ACTIVITY: Gather each line of the entries below that includes "bottom".

── DATA RECORDS

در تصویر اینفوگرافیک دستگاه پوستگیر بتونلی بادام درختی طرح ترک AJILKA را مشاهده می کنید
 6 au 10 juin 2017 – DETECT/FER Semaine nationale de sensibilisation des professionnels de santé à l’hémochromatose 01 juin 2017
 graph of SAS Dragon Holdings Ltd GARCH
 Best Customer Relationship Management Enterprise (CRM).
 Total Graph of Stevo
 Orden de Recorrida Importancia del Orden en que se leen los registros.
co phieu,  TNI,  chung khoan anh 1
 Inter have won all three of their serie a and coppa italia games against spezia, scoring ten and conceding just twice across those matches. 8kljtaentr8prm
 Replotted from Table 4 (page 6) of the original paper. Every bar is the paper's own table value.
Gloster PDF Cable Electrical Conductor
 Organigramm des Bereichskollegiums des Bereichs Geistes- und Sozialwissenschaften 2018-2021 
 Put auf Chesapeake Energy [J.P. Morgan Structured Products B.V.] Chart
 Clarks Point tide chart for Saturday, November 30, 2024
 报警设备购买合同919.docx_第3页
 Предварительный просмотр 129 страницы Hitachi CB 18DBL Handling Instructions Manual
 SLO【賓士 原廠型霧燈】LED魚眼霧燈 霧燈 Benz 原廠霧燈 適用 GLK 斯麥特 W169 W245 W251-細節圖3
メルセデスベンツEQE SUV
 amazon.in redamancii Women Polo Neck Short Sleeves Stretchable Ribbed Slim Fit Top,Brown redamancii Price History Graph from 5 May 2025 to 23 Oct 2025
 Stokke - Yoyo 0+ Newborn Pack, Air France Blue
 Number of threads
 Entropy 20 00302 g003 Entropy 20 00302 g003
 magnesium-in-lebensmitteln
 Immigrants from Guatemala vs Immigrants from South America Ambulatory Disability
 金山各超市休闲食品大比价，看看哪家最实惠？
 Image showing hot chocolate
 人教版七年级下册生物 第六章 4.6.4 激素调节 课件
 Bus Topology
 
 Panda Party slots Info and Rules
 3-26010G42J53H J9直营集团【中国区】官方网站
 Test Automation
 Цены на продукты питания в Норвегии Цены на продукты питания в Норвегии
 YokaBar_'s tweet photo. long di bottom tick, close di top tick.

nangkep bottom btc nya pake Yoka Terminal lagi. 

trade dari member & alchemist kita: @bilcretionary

────

ANSWER FOR THE TASK:
 YokaBar_'s tweet photo. long di bottom tick, close di top tick.
nangkep bottom btc nya pake Yoka Terminal lagi. 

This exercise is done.